Day 1 was a quick afternoon hike south from Hwy 16 at Partnership Shelter. Had to stop due to the early darkness this time of year (I don’t night hike when going solo).
Day 2 found me walking through a mix of farmland and forest, including the Raccoon Branch Wilderness with a camp along Hurricane Creek. I wasn’t looking forward to the more “developed” portions of the AT, but I found the farmland particularly pleasing even on a windy and cold day. I had opted to not bring a wind shirt…big mistake as I ended up wearing my rain jacket a good bit as that shield layer.
Even the overused grandad of trails like the AT can look pretty neat in the morning light. I was surprised at the good condition of much of the trail in this area considering the number of folks using it each year.
And although other areas may have more interesting geology, sometimes the little things are just as noteworthy. This was along a windy knife edge ridge before crossing SR 670 and heading into the Raccoon Branch Wilderness.
There were some really nice winter views along this stretch that I am sure will disappear as the “green tunnel” leafs out in the spring.
In a fit of ounce counting at the last minute, I decided to leave my reading glasses at home and carry a little pair of reading specs I got from Trail Designs. I think I’ll carry both next time – the specs to check maps and make notes with the pack on and the reading glasses safe in a case in the pack for longer use in the evening. The specs worked great for a short time but began to pinch in camp when worn more…they look a little goofy but that hasn’t bothered me!
Friday night saw temps down to about 20 with 30-50 mph winds to top it off. My kind of weather to be honest and limited the trail sharing to just a few folks. My Feathered Friends 30 degree bag kept me snug and warm with a base layer on. A warm cup of coffee on a cold morning beats almost everything else I can think of. I reviewed this Sea to Summit mug on Trailspace along with the FF bag (see gear review page).
Day 3 was a climb into the highlands – one of my favorite areas as it reminds me of my home country of Scotland. Through Fox Creek and up to Pine Mountain, then cheated a bit to shortcut along the Pine Mountain Trail and join back up with the AT near Mt Rogers. A mix of nice forestland,
and finally back in the high country…
Pine Mountain Trail allowed me to shortcut a crowded part of the AT near Massie Gap in Grayson Highlands State Park, while also enjoying that high country scrub with the famous miniature horses.
Met the expected crowd of folks along the AT (day hikers and thru’s) on the short section between the Pine Mtn Trail and Mt Rogers, but then lost everyone by continuing south to Elk Garden Ridge and a nice dry camp as the wind died down. Kept the Caldera Cone (see below and my gear review) going for some LNT heat after dinner. After dusk a bear strolled by a couple of hundred yards away but paid me no mind as I was quiet and not in one of the regular campsites. Sorry – too dark for a photo – I could make out its outline as it paced through the leafy forest downslope from my campsite. Definitely not a deer, of which there were many out there.

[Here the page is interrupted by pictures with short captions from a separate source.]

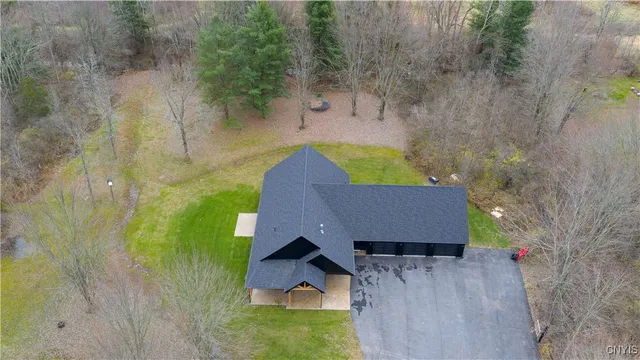 $749,000 | 23610 Fetterly Road, Brownville, NY 13634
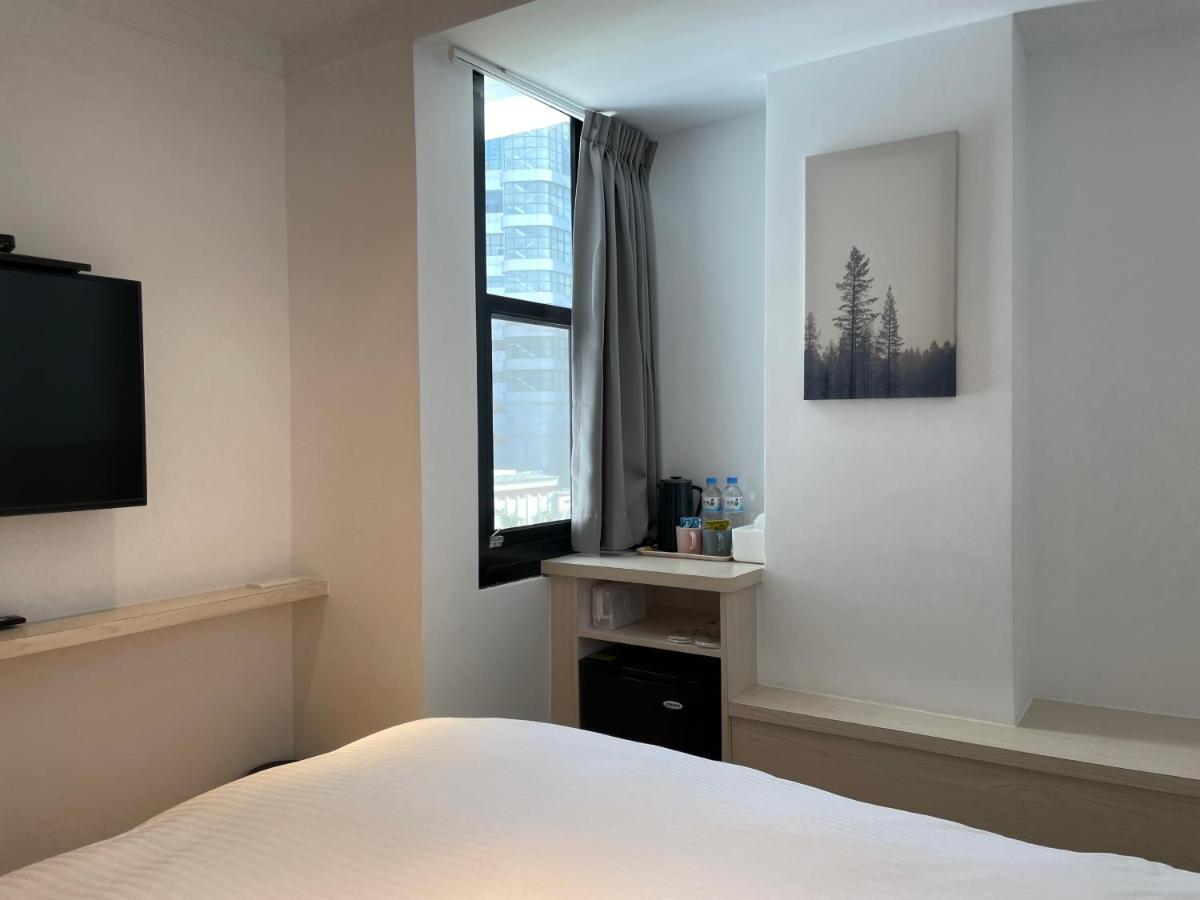 Yoshi Hotel - Tainan Station Branch Экстерьер фото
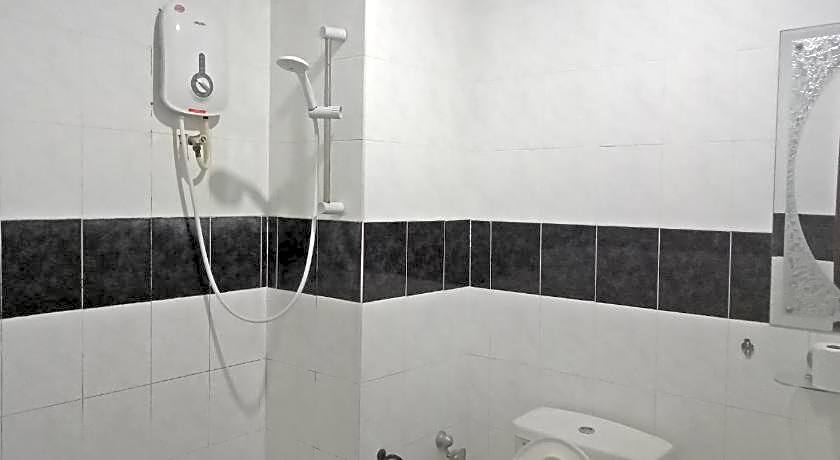 The Upper Deck Hotel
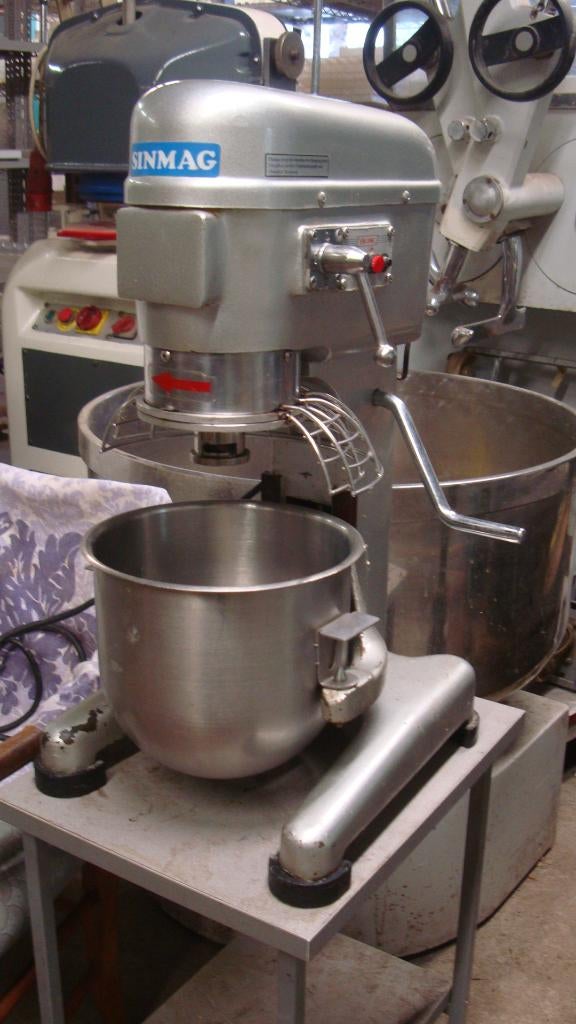 Batteur 10 Litres + 40 L + 60 L boulangerie bakkerij, Articles professionnels, Enlèvement, Utilisé, Boulangerie et Boucherie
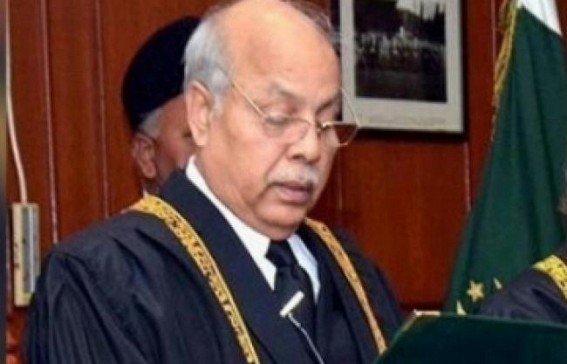 Imran proposes ex-CJP Gulzar Ahmed as caretaker PM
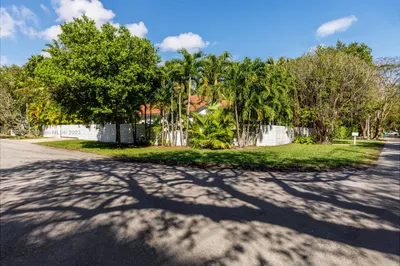 3775 Poinciana Ave 1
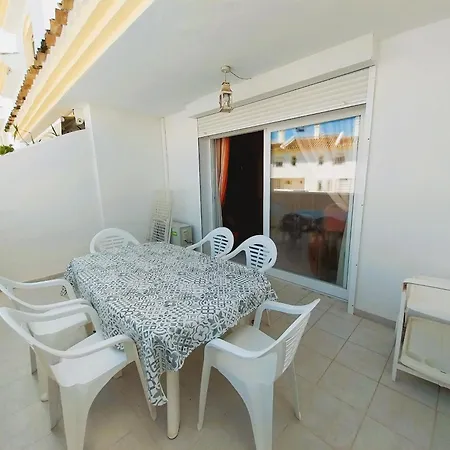 Buenavista Duplex 3 Beds Close To Amenities And In Calahonda *
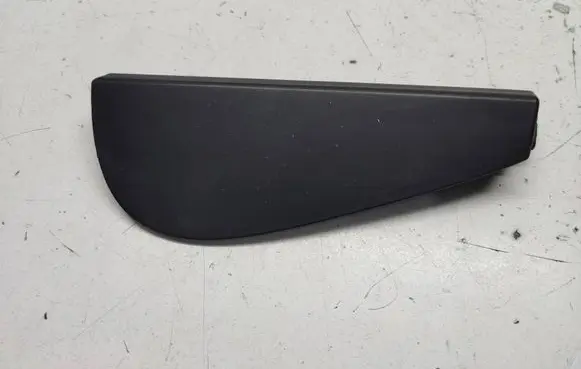 Renault Megane III Fender end trim 833300006R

Day 4: I always forget how fast you can get conditioned to low temps (at least low for the southeast) as after 2 days of 20-40 degrees with high winds, the calm 30’s in the morning was t-shirt weather even just packing up camp and along an icy trail in the shaded morning.
A beautiful walk followed through fields and Balsam Mountain forests,
yielded a wonderful morning hike, but you have to pay for trails and views like that…with a 2000 ft descent from Whitetop out of the high country into farmland and forest. Descents like that always play hell with my knee and this was no different…with a trekking pole controlled slide on a rock tweaking the old injury.
After merging with the Virginia Creeper bike trail for a while,
I hobbled into camp near Saunders Shelter for a last night and enjoyed the rest after a long day on the trail.
Day 5: A quick trip out to Hwy 58 along a rocky trail, for an almost perfectly timed pick up by my beautiful wife. Stopped a few miles short of my primary destination of Damascus due to the knee problem, but had an enjoyable trip for the 50+ miles I did complete.
It’s been a couple of decades since I last spent any significant time on the AT, besides using it to connect to other trails or make loops. As I mentioned, I was a little reserved going into this trip as I was expecting a worn out trail with lots of people. The weather was a factor in reducing the people down to a couple per day, and the trail exceeded my expectations in other areas. I had forgotten how this great trail came about and hiking it made me immensely proud of this country and our attempt to preserve the wilderness and provide trails for the enjoyment of all. I was also left with a deep sense of gratitude toward the countless volunteers in all the AT clubs that keep this trail in such good shape. I’m still not going to spend much time on the AT between March and October, as it’s just not my style, but it doesn’t lessen the appreciation of the effort of those volunteers and the accomplishment of those who thru-hike.
I’ll be back next winter!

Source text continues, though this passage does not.